Although there are differences evident between the UK and Holland ("From where I sit: low country, low standards", 23 April), Rod Aya's observations suggest a common set of social and cultural factors are at work, whose combined effect has been disastrous for higher education in much of Europe but is particularly acute in Britain. We in the UK are also looking at a system in which the values of quality and trust have been deflated because their appearance has been oversupplied and hence devalued. Teachers cannot trust students to be intellectuals in development as they are not interested in anything other than qualifications and will choose whatever means will deliver the result.

New Labour's attempts to rapidly increase the size of the sector are partly responsible. Its attendant propaganda was particularly cynical in promoting the idea that those with a degree will have greater earning power.
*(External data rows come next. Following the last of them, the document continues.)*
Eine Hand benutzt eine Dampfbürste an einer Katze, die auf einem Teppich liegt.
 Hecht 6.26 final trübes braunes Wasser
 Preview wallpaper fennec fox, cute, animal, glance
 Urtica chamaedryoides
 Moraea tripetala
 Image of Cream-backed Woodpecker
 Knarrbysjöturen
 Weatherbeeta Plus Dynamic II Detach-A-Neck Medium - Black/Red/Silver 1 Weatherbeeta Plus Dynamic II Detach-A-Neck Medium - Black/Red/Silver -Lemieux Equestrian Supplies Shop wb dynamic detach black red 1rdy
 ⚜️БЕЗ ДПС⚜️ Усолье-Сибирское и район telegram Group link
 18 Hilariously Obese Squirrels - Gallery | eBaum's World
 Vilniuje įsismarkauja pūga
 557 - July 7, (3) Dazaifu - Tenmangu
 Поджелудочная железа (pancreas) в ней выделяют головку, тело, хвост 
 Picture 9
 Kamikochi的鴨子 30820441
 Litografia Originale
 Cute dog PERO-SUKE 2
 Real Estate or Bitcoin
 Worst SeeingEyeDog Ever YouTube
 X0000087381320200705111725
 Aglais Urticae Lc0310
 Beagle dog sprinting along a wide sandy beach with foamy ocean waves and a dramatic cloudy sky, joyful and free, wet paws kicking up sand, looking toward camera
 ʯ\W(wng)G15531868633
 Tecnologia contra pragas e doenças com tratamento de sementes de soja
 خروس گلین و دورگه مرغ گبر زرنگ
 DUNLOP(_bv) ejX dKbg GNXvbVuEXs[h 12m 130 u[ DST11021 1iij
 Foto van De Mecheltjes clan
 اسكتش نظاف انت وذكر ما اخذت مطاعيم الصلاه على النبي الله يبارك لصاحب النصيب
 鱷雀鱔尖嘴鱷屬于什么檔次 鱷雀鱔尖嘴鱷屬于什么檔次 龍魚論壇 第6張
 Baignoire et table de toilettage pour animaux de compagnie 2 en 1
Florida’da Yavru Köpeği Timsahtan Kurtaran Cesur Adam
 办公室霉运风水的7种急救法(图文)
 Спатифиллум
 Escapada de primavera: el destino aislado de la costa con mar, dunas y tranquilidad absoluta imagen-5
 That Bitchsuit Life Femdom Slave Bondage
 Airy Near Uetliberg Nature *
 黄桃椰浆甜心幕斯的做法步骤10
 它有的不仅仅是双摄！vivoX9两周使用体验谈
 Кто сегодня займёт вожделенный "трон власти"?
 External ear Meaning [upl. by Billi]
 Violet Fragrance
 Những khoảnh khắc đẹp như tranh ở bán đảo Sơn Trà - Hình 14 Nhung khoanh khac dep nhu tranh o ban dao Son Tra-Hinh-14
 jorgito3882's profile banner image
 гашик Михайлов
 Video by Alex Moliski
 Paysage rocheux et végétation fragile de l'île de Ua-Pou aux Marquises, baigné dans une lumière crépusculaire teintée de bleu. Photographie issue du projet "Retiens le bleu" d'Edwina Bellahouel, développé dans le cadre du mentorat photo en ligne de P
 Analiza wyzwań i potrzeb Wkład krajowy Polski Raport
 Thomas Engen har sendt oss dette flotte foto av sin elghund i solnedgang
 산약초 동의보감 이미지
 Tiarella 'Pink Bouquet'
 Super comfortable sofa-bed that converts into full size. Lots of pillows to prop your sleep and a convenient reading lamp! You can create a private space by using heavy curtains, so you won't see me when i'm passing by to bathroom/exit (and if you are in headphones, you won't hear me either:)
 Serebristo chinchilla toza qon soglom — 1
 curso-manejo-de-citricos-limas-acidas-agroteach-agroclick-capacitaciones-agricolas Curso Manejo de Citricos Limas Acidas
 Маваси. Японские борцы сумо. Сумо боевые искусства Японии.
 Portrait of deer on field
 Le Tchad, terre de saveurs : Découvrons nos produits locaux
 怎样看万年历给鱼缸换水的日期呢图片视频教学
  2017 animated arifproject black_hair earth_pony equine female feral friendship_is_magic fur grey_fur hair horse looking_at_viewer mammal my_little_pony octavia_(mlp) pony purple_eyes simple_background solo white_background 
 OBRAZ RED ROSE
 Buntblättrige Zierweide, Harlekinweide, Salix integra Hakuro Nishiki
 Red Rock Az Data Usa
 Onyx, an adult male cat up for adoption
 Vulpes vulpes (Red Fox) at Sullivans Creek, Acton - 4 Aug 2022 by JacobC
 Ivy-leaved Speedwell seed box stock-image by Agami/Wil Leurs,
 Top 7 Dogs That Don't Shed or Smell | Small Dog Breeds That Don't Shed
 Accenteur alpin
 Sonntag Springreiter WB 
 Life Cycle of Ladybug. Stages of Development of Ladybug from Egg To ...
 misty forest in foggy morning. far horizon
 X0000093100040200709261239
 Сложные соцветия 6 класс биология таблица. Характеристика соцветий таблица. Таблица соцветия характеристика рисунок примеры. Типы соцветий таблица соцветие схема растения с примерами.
This relies on historical evidence from a period when such qualifications were in far shorter supply.

Academics have conspired in or blindly accepted the creation of a system in which trust in them as competent professionals has been radically eroded, and where they now have to submit to being monitored and assessed like powerless robots. They are not trusted to selflessly impart the best of their knowledge to students - hence the need to make them "perform", to monitor their "quality performance" and to stratify and micromanage them by making heads of departments into line managers rather than eminent colleagues.

At the same time, you cannot simply create "quality" by multiplying forms of quality assurance and the layers of bureaucracy that supposedly deliver it. As Max Weber showed, a ramifying bureaucracy always creates unintended consequences that end up distorting and nullifying the original "good intentions". A fine example is research. It is no longer an end in itself but a means of funding - so innovative and promising work is lost because it does not attract money or tick the right boxes in terms of where it can be published.

Universities multiply the numbers of administrative staff in research-support roles, thus creating hugely expensive layers of bureaucracy designed to improve research outputs. More and more articles are produced for more and more journals, read by a few people on average. The big academic publishers grow fat on the profits from journals that are sold to libraries at extortionate "institutional" fees. More money has to be found via research so libraries can pay for journals ... and so it goes on.

Notice any parallels with the world of banking? The spectre of sub-prime universities on the fringe of bankruptcy (intellectual as well as financial) comes to mind.

Within the sector, high standards, quality and trust make sense only when and where there is an educated elite capable of discerning what they mean, and of making a real choice following from that judgment.

Peter Hamilton, Lecturer in sociology, The Open University.